The data that follows is to be copied exactly, with each image removed.

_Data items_
.....
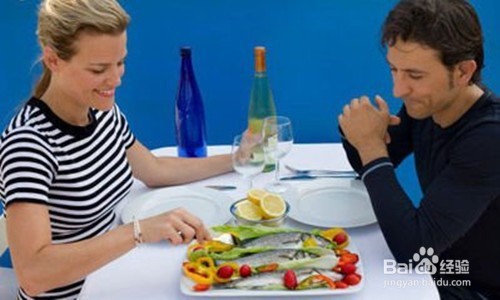 吃西餐饮酒应搭配食用什么食物最好?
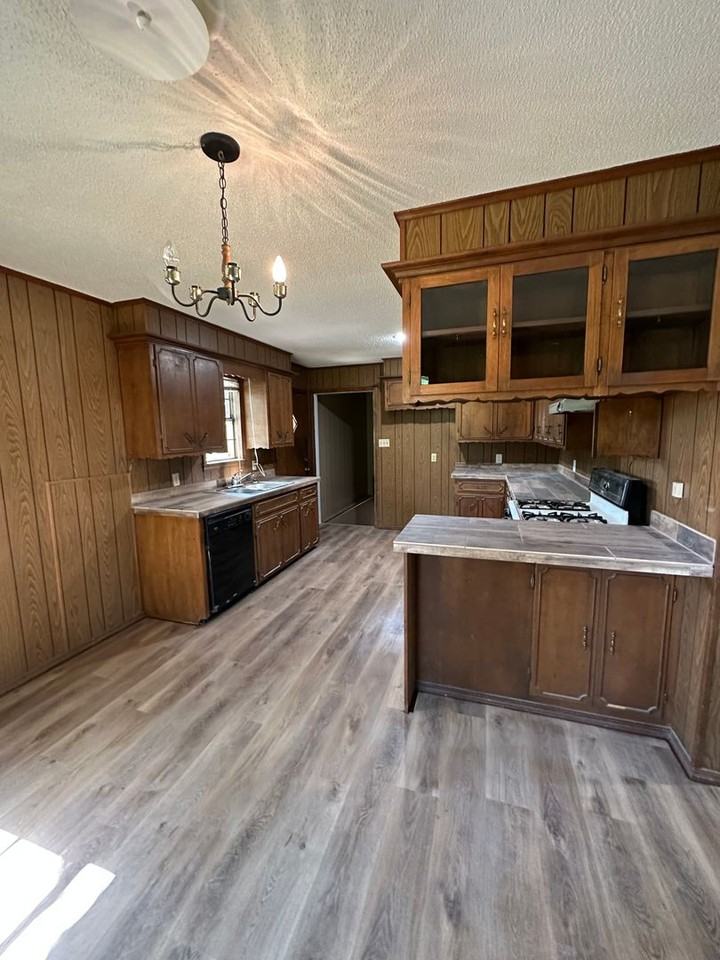 1515 Oak Grove Rd - Photo 3 of 15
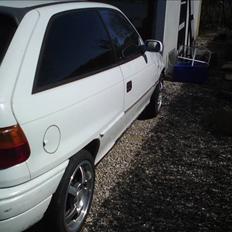 Opel astra 1.6i 8v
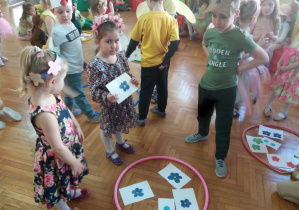 Dzieci biorą udział w konkursie "Kwiatki, kropki"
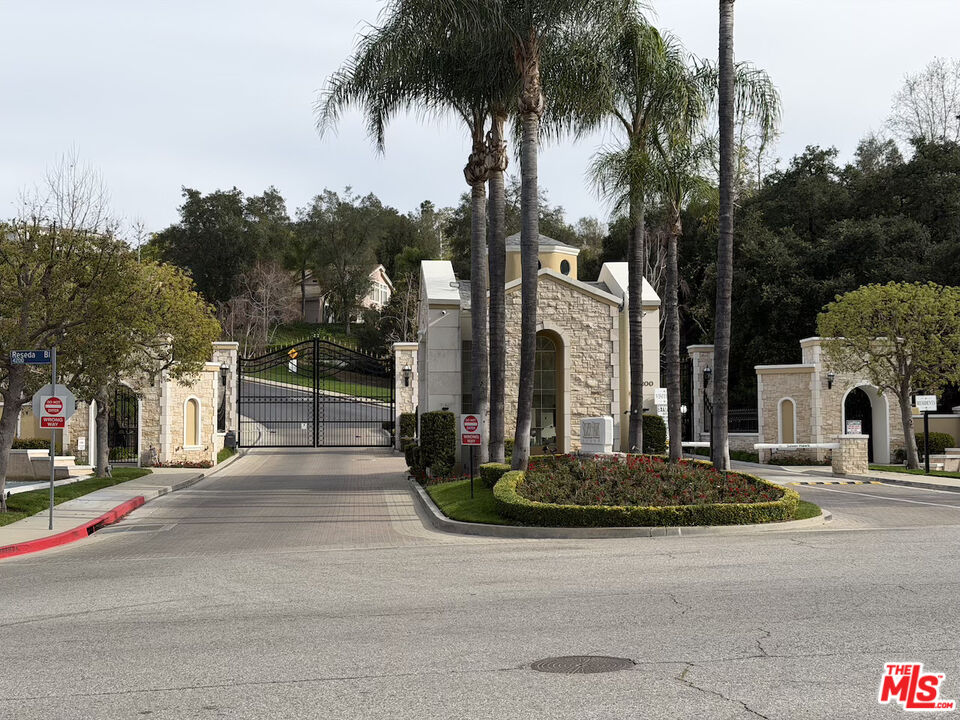 18500 Saint Moritz Dr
.....
_Your response_
 吃西餐饮酒应搭配食用什么食物最好?
 1515 Oak Grove Rd - Photo 3 of 15
 Opel astra 1.6i 8v
 Dzieci biorą udział w konkursie "Kwiatki, kropki"
 18500 Saint Moritz Dr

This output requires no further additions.